Lo sé también por los días en los que adopté el rol antagónico, aquellos en los que masacré tus testículos con una cincha de caucho, cuando anudé tu cuerpo con nudos aprendidos en la soledad de las travesías en altamar (ballestrinques, ases de guía, nudos dobles y sencillos), para dejarte indefenso, con los orificios a disposición, con tu sexo accesible para ser sorbido, presionado, exfoliado, lamido una vez más para suavizar el dolor que ascendía rebelde, para penetrar sin aviso con la saliva mojando la mano y ya entonces el miembro entrando en ti mientras tu cuerpo de gusano atravesado por el cordaje se endurecía al instante, en una tracción múltiple, estimulando el placer doble. Mi placer en la penetración de un cuerpo indefenso, tu placer de penetrado que pierde la razón por un instante, que siente como se le nubla la visión, que se le arruga el gesto, que llora en una mezcla indefinida de excitación prostática, de fuego que sube por el espinazo y de dolor intenso en las puertas del intestino, que también asciende, envolviendo en espiral doble la hiedra del placer.
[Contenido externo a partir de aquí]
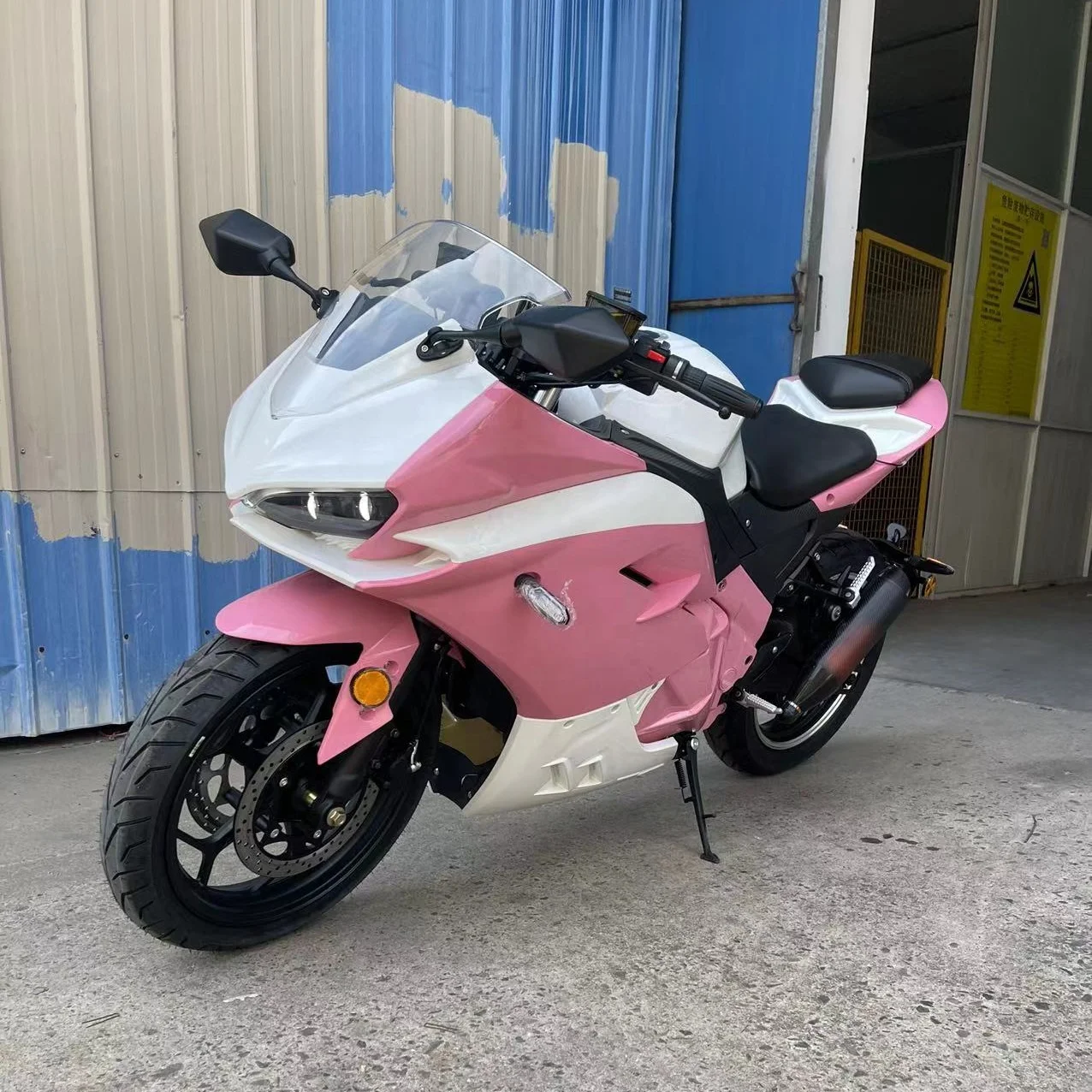 STLF Cheap Price Hot Sale New Model Racing Electric Motorcycle for Adults
STLF Cheap Price Hot Sale New Model Racing Electric Motorcycle for Adults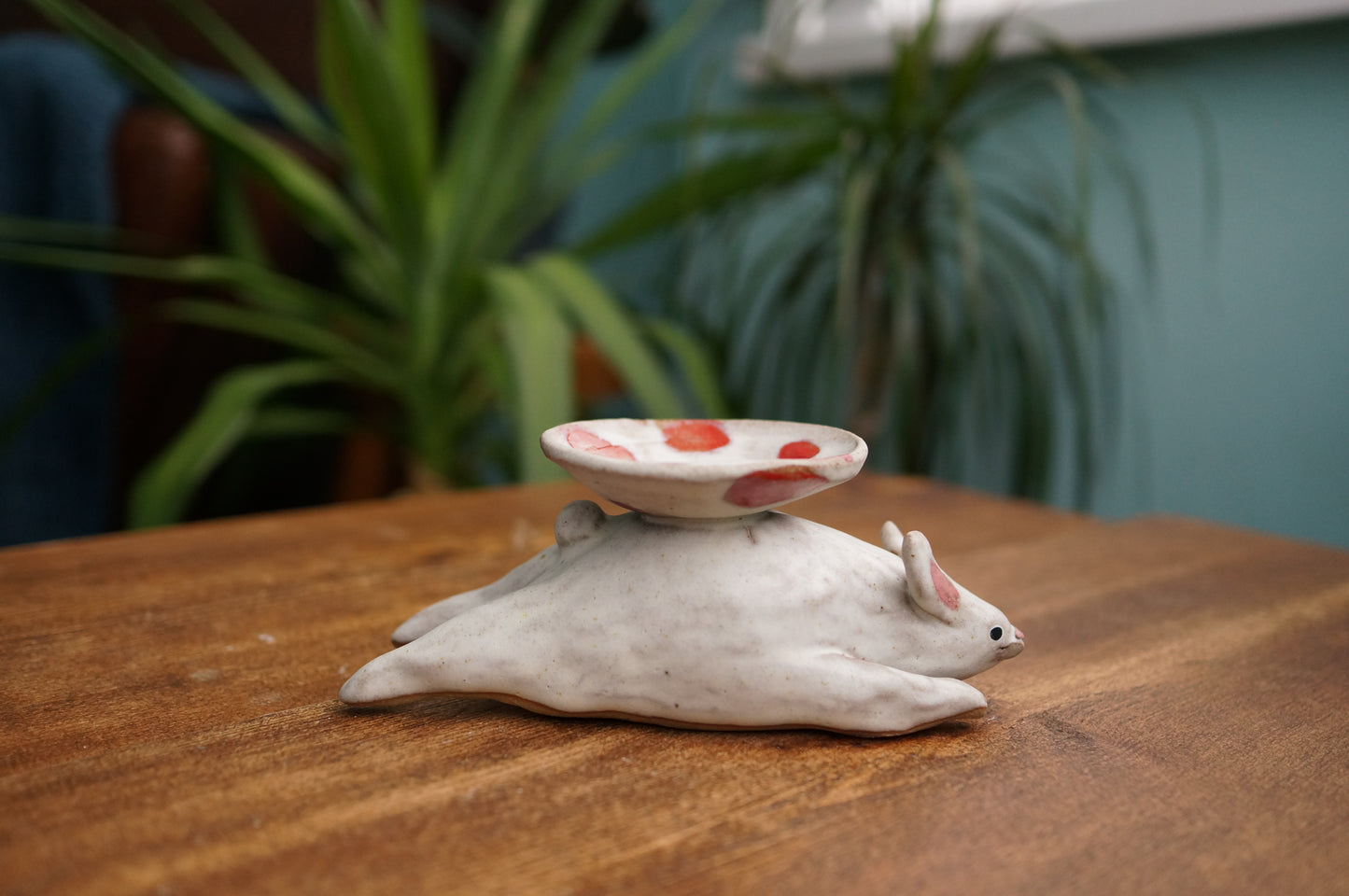 Rabbit Holder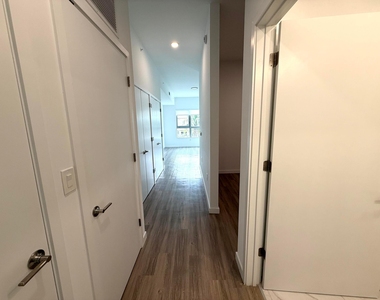 2121 Broward Avenue - Photo Thumbnail 6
La brutalidad de este instante parece no tener medida, constituyendo así el punto culminante de nuestra historia personal, de los muchos años juntos. Cuando yo hago resonar la tralla, tú sonríes esperando la carne lacerada, el relámpago que comunica los riñones con la base de la cola de caballo, en el interior de la nuca. Cuando yo descargo toda la fuerza, tú contienes lo que de natural sería un grito lancinante, convirtiéndolo en el gorjeo de un pajarico enamorado. Lo mismo acontece, lo sé, cuando eres tú quien usa de la tralla y yo soy el sujeto sumiso que libera un chirleo imperceptible, que admira la precisión de tus gestos de dominación, la alternancia estudiada de los golpes salvajes y de aquellos otros más suaves, que procuran una aproximación afectiva. La admiración funciona así como una especie de morfina, como una droga adictiva que quizás tiene su receptor específico en el tálamo, y si no es así actúa invadiendo uno de estos receptores, pues no hay duda de que la admiración, aún sin alcanzar la categoría de incondicional, produce una sensación de placer, de satisfacción, de equilibrio, solo equiparables a las que producen las endorfinas.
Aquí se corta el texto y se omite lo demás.